### WHAT IS BEING ASKED
From the line containing "Paulmann LED-dråbepære E14 6,5W 4.000 K mat" down to the line containing "Trinátrium-foszfát (Trisó) 0,5kg", copy out the entries below exactly, both lines included, and nothing else; pictures do not belong in the copy.

### INPUT

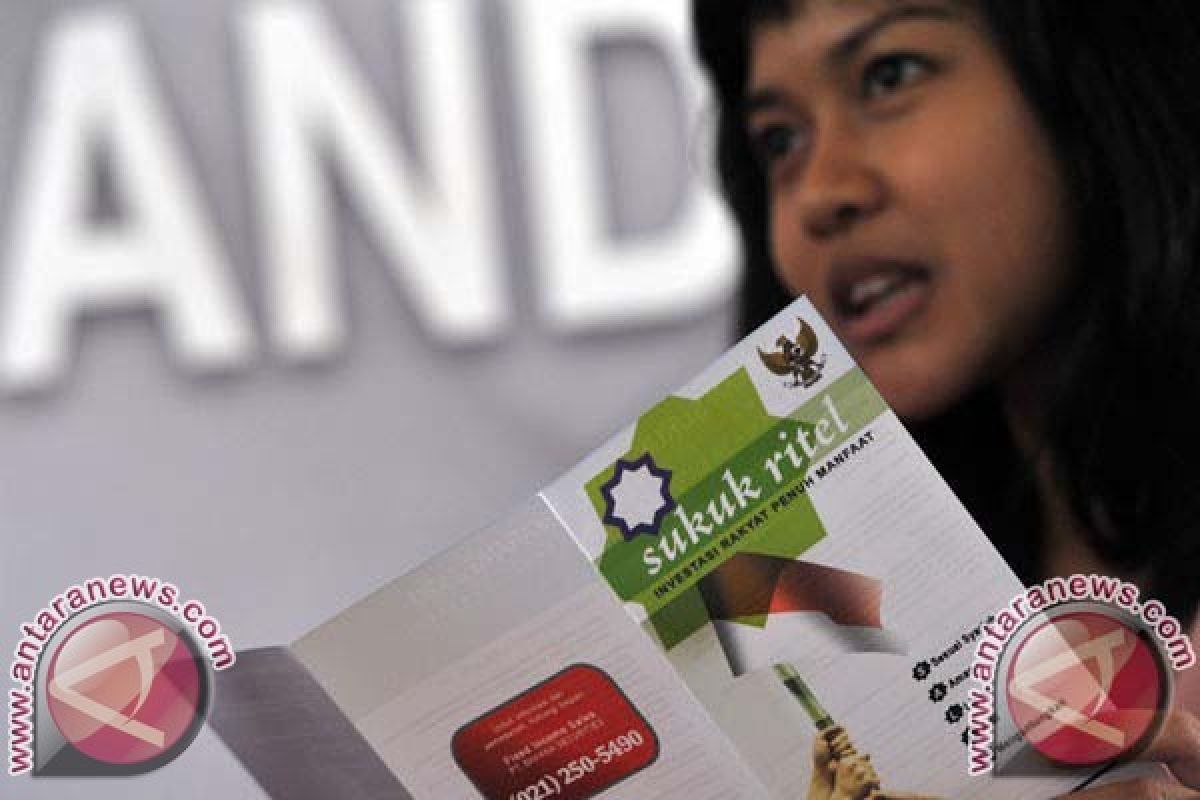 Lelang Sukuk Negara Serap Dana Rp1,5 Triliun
==
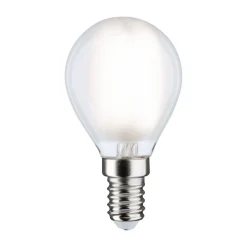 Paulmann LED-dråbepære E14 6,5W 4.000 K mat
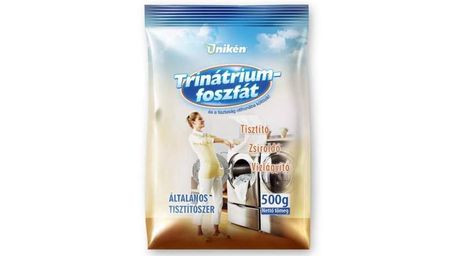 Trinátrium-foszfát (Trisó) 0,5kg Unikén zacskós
==
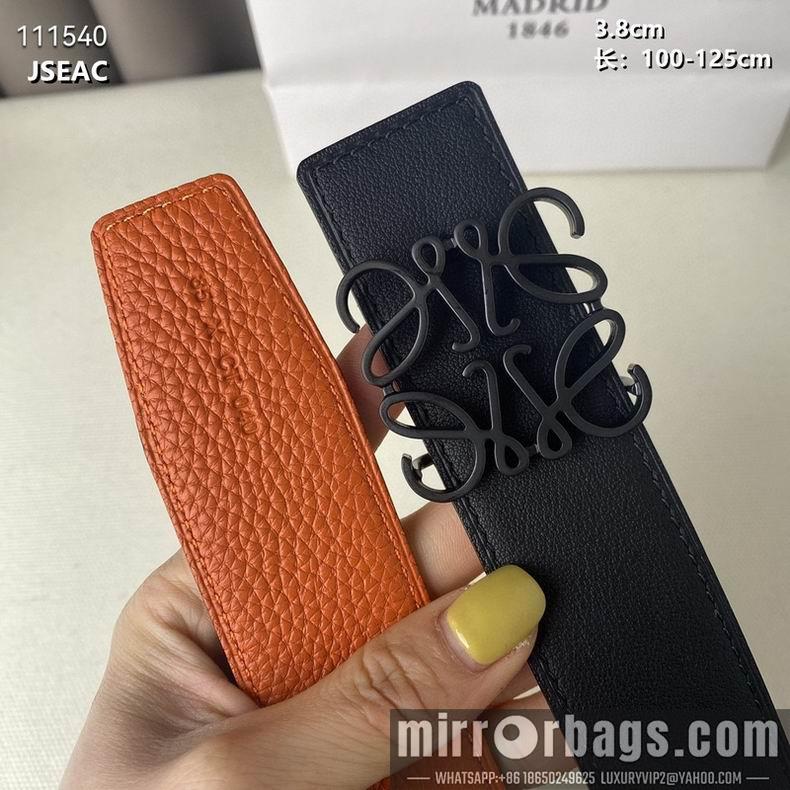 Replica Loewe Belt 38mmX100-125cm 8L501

### OUTPUT BELOW
 Paulmann LED-dråbepære E14 6,5W 4.000 K mat
 Trinátrium-foszfát (Trisó) 0,5kg Unikén zacskós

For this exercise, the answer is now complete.